In this paper, we
propose a new mathematical optimization
approach
to make decisions on the optimal design of the complex logistic system
required to produce biogas from waste. We provide a novel and flexible
decision-aid tool that allows decision makers to optimally determine
the locations of different types of plants (pretreatment, anaerobic
digestion, and biomethane liquefaction plants) and pipelines involved
in the logistic process, according to a given budget, as well as the
most efficient distribution of the products (from waste to biomethane)

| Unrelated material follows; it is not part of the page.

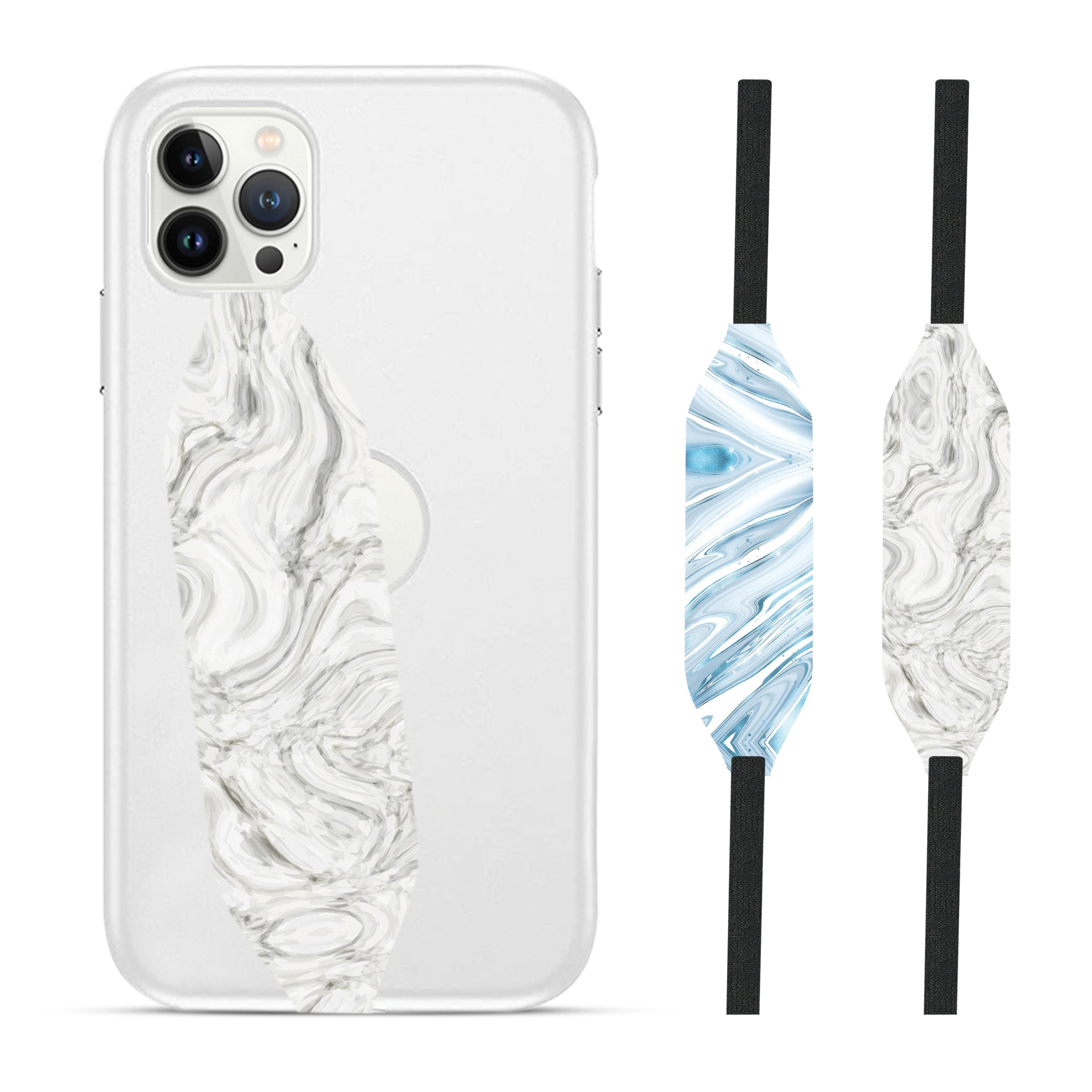 peark white iPhone cover with strap - switch bands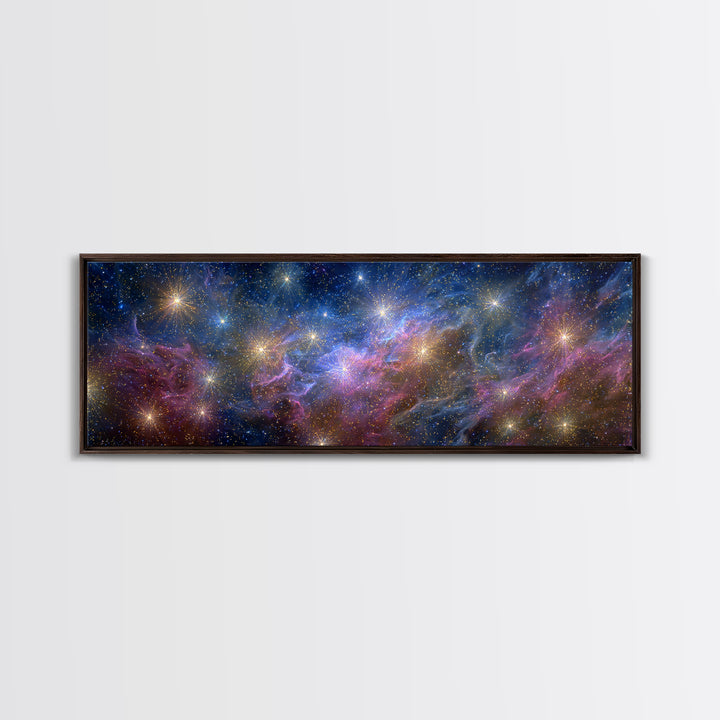 Cosmic Nebula Starfield Wall Art, Colorful Space Abstract Art Print, Modern Galaxy Poster, Scenic Home Office Decor Gift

along the supply chain. The method is based on a mathematical optimization
model that we further analyze and that, after reducing the number
of variables and constraints without affecting the solutions, is able
to solve real-size instances in reasonable CPU times. The proposed
methodology is designed to be versatile and adaptable to different
situations that arise in the transformation of waste to biogas. The
results of our computational experiments, both in synthetic and in
a case study instance, prove the validity of our proposal in practical
applications. Synthetic instances with up to 200 farms and potential
locations for pretreatment plants and 100 potential locations for
anaerobic digestion and biomethane liquefaction plants were solved,
exactly, within <20 min, whereas the larger instances with 500
farms were solved within <2 h. The CPU times required to solve
the real-world instance range from 2 min to 6 h, being highly affected
by the given budget to install the plants and the percent of biomethane
that is required to be injected in the existing gas network.